Dokładnie, przerost węglowy. To zwykły, słaby rusek z kopalni odkrywkowej. Nie obraź się Witku, ale moim zdaniem do palenia od góry kompletnie bezsensowny zakup. Niby cena dobra, ale zimą będzie szedł jak papier.

Odnośnik do komentarza
Udostępnij na innych stronach

Gość witek1234

Co zrobić..przepadło. Pocieszenie takie że tych bryłek jest stosunkowo mało, na trzy tony które wniosłem do kotłowni było tego może ze 20 sztuk. Groch z tamtego roku miał niemalże identyczną strukturę i sporo więcej popiołu, tez bym go sklasyfikował jako rosyjski wyrób i poszło tego 6 ton. Dziś ten groszek niby Ziemowit cenią na 700 zł więc wybrałem ten orzech. Natomiast Staszic za 900 zł...wiem że inna liga, ale po Bogdance jakoś nie wywietrzała mi z głowy uciążliwa robota z cotygodniowym gruntownym czyszczeniem kotła, czopucha i komina z zalegającej sadzy.  Dopiero sezon pokaże co to warte ale wiem że na pewno nie będzie walki ze smołą czy sadzą a to już jest jakiś tam zysk. Przyjdzie zima , spalę to cudo i znów będzie pole do popisu.

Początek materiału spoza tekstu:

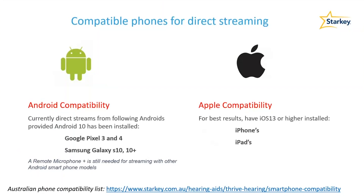It's important to note that direct streaming compatibility is a separate matter to the Thrive app. Even if a client doesn't have one of the phones listed — such as the Samsung Galaxy 6, 7, 8, or 9 — they will still be able to use the Thrive app.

A opinię ze spalania wystawię w sezonie.

Odnośnik do komentarza
Udostępnij na innych stronach

Nie chce krakac, ale ja z 3 ton takiego ruska z przerostami wyrzuciłem kiedys ze 30 wiader kamieni, ktorych nie widzialem ani wrzucając wegiel, ani ladujac go do kotła. 

 

Odnośnik do komentarza
Udostępnij na innych stronach

Gość witek1234

Wiem że trudno Wam mnie dołować ale opisujecie swoje doświadczenia i nie są one zbyt kolorowe za to szczere i to sobie cenię. Węgiel kupiony i trzeba go sfajczyć. Kupując , każdy ma nadzieję na trafiony zakup, dopiero zima pokaże co on wart. Jazda po bandzie to moja słabość przy podejmowaniu decyzji i zakupie węgla. Jak się ewentualnie  urobię i naklnę to może za rok wezmę coś mocniejszego. A może nie będzie źle, niech się pali jak papier byle kamulców nie było. I sadzy. Dzięki za opinie, dam znać czy mam kłopot czy nie.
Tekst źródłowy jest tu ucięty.